Are you okay with colleges holding separate graduation exercises and celebrations for different ethnic minorities? Martin Luther King, Jr, must be rolling over in his grave. Should entire college curricula be redesigned because most of the great works of literature throughout history have been written by white males?

Should student loans be exonerated? Should colleges establish safe spaces? Are you perturbed when conservative speakers are disrupted from speaking on campus, or are banned from campus? Curiously, can a university promise students an unbiased education when 97% of college professors’ political donations go to Democrats?

Open the Spigots!

Should Medicare be provided for all and, if so, how do you pay for it? Is late-trimester abortion acceptable? After a baby is born, is it the right of the mother and the doctor to choose whether or not that person will continue to live?
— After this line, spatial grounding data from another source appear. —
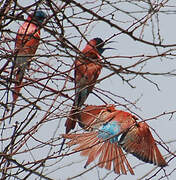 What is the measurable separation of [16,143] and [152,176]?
2.37ft

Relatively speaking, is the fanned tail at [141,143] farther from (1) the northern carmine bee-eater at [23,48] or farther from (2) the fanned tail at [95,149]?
(1) the northern carmine bee-eater at [23,48]

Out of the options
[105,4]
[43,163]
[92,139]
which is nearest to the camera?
[43,163]

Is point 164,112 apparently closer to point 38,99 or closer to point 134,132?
point 38,99

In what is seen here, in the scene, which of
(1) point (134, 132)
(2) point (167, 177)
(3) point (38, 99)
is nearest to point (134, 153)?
(1) point (134, 132)

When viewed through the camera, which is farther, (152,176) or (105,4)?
(105,4)

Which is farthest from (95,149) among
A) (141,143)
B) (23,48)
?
(23,48)

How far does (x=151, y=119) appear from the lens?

Should we have open borders, and let in anyone who wants to come here, now approaching 9 million since Biden was installed? Are illegal immigrants to be given free healthcare once they cross the border, as all Democrat presidential contenders stated on live TV in 2020? How do hordes arrive at the southern border, well-fed and hydrated, after trekking 100s or 1000s of miles, with sturdy walking shoes and cell phones? Should they be flown and bussed all over the U.S. courtesy of the Biden administration? Are sanctuary cities a good idea, and do they support the lives and aspirations of actual U.S. citizens?

When newspaper headlines scream about gun violence, is wringing your hands over the issue any solace for families in Chicago or Baltimore ghetto communities who experience gun violence on a daily basis? Do you care about the issue, or do you only get riled up when the mainstream media stokes your emotions by giving World War II coverage to carefully crafted, elevated cases?

Is calling others racist acceptable when, in your own heart, you know that you are biased at times against this group or that? Is virtue signaling an acceptable form of social participation, or should one actually take appropriate, non-violent action to address a perceived wrong? Is a comment from 30 or 40 years ago made by a celebrity — or a politician, for that matter — enough to cancel his or her career?

Goals and Tactics of Violent Groups

Are the goals and violent tactics of Antifa acceptable to you? If they’re proud of what they stand for and forthright in their actions, why do they wear ski masks? Appearing in selected cities in time to cause trouble, and leading the turmoil following the death of George Floyd, how many of them actually hold jobs?

In pursuit of protests, do any pay for their own transportation and housing costs? If they do not pay for themselves, who is paying? Most curiously, why do they often go after the most vulnerable people they can find in any gathering? Is it okay when law enforcement stands down in the face of violence committed by those on the left?

The Left embraces mass insanity and it’s getting more absurd all the time. Yet, it appears that Leftists do not understand the magnitude and ramifications of many of their political and social views. Their agenda, fully implemented, would destroy our civilization in less than a few years.
One Generation

Ronald Reagan said, “Freedom is never more than one generation away from extinction. We didn’t pass it to our children in the bloodstream. It must be fought for, protected, and handed on for them to do the same, or one day we will spend our sunset years telling our children and our children’s children what it was once like in the United States where men [and women] were free.”

It would be nice to reach consensus, in some way, with those on the Left, however, my sensibilities cry out and say that would be cultural and national suicide.